- _DATA BLOCK_
▼

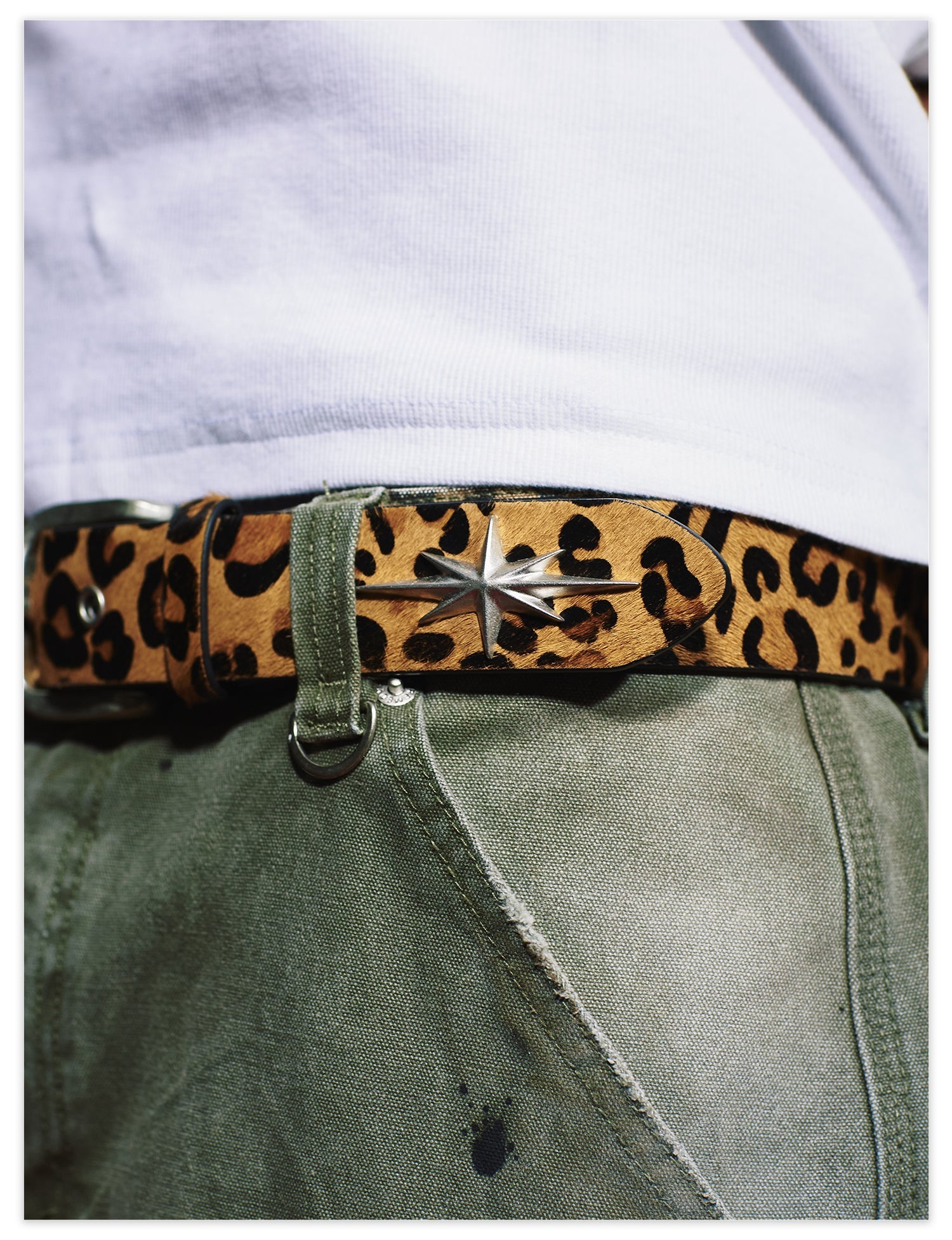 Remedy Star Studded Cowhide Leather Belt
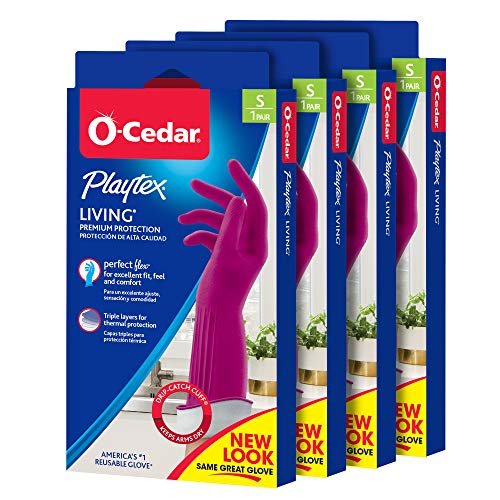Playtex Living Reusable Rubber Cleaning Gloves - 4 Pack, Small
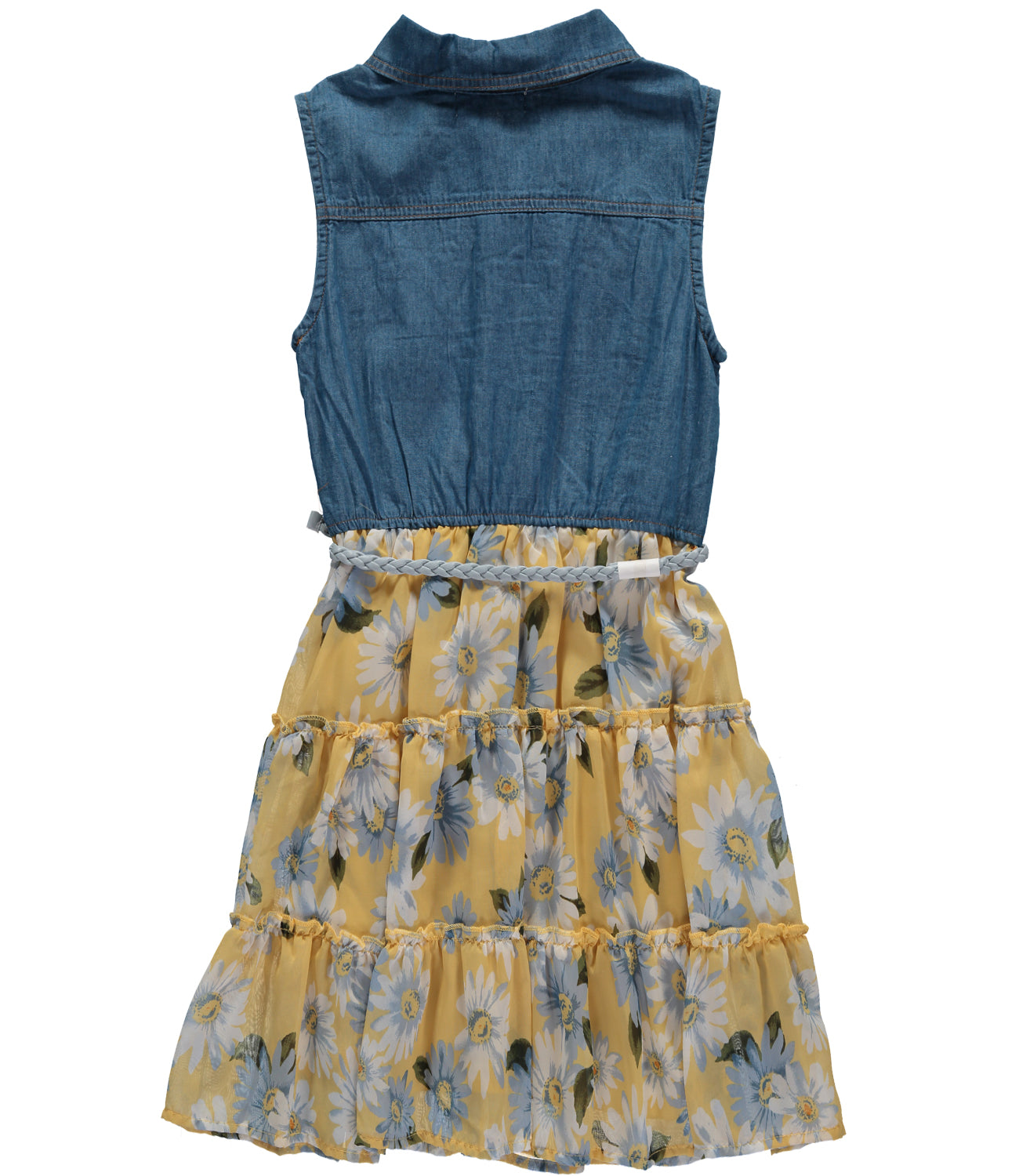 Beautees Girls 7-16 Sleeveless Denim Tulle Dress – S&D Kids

▲

Leave the images aside and retype each line of the listing above exactly.

 Remedy Star Studded Cowhide Leather Belt
Playtex Living Reusable Rubber Cleaning Gloves - 4 Pack, Small
 Beautees Girls 7-16 Sleeveless Denim Tulle Dress – S&D Kids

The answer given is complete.